Isn't that what supposed to happen for a 5K pot? Have you done the sums to calculate what the resistors (including the pot) should be? Maybe 5K is a bit too high?
I really just want to get a more regulated voltage that's all. I want to set it to 5v and get close to that once the load is applied. I don't want to start at 10 and have it go to 5 or start at 2 and have to move it up to 5. Thats really my biggest issue with this psu.
I ran some more test on it and I set it to 24v under no load between outputs. Then I put 19.5ohms resistance between the output terminals and it drug the voltage way down to like 10v then it slowly crept up to about 18v. I'm thinking of trying a different transformer and providing a lower input to the regulator. I probably get a new lm317 so I can have a spare on hand.
I'm using a lm317t attached to a heat sink from my ocz power stream. I do feel some heat but not much. I didn't see that in the simulation. I changed it and now the simulation is a bit closer to reality.
The schematic I posted was all wrong. Obviously the ac cannot be connected to dc ground. Not sure how the simulation work this way. I will redo this and post it.
EDit: I haven't thought about this enough. I will post a schematic when I know its correct.
Ok, I changed the resistor in the divider from 100ohms to 298ohms. With the 5k pot this will allow me to get up to 21v, but I still get a huge drop once the load is applied. I can't figure out why there is such a big drop. Here is the data I took with a dmm. **broken link removed** **broken link removed**
0.9 V across R3 smells of 317 not able to regulate.
When the load's connected, what's the voltage on the 317's Line Voltage pin?
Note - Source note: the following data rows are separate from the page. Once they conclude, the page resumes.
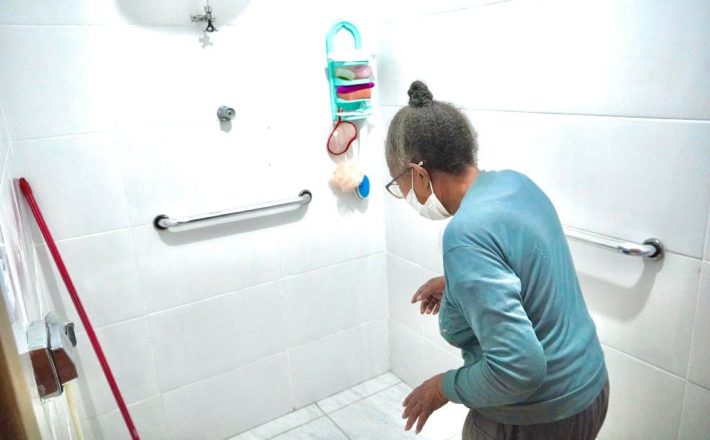 Prefeitura de Araxá já concluiu a reforma de 35 banheiros pelo projeto Belo Banho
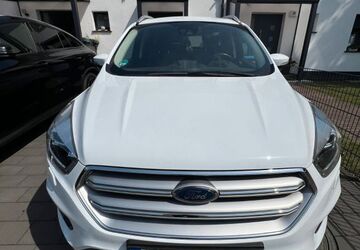 Ford Kuga 157.777 km 13.900 &euro; Dinslaken 46537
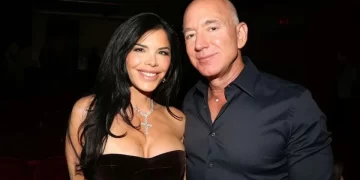 Causó risas: Esto dice la invitación a la boda de Jeff Bezos y Lauren Sánchez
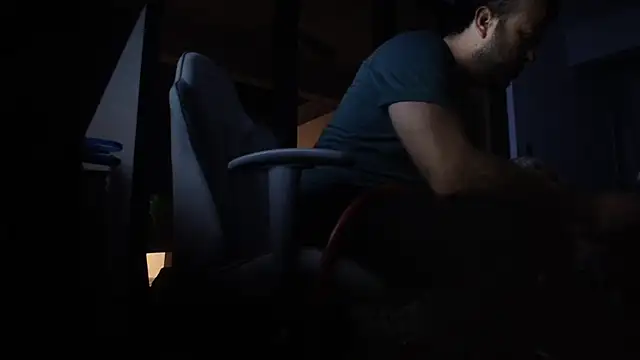 jasoncali305 online show from October 1, 2025, 5:45 am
If that collapses under load there's something going on before the 317. Is your transformer man enough for the amps? Have you added some more uF (like 4700uF) and seen if that made difference?
I will take these measurements in a bit. What do you think of using the transistor to get more amps. Also will this help lessen the voltage drop under load? The transformer says secondary @ 28vac rated for 56va.
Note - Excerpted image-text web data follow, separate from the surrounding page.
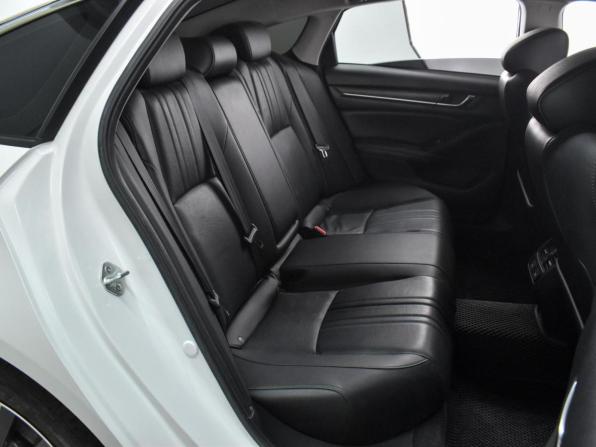 Honda Accord X Рестайлинг с пробегом 2021 года, цена 2 415 000 рублей, 91956 км, седан, Автокод Объявления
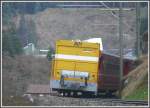 Der Zugschluss von RE1144 bildet ein Postcontainer, der sich bei Reichenau-Tamins in die Kurve legt.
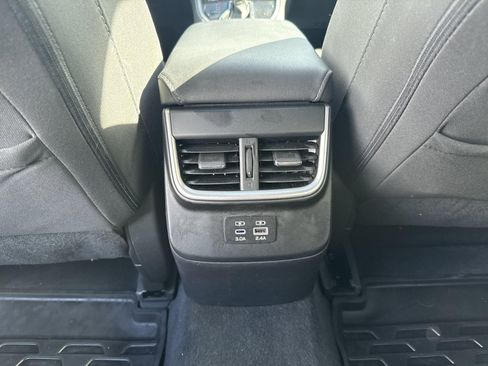 Used 2023 Subaru Outback Premium AWD/4WD image 24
Ok here it is. And thanks again for looking at this with me. I chose to increase the load for this one from .45amps to .61amps by decreasing the RL from 39ohms to 19.5ohms. **broken link removed** **broken link removed**
I'm actually using about 298ohms for r1 and 5030ohm for r2. I was thinking of using lower resistance to increase the load across the divider, but honestly I thought that it might make matters worse since this circuit seems so sensitive to the load. I'm just shooting in the dark though because I'm not familiar on the workings of the regulator other than it maintains 1.25v between out and adj. Based on that I can't figure out why it would drop since I've kept everything within limits based on what I know.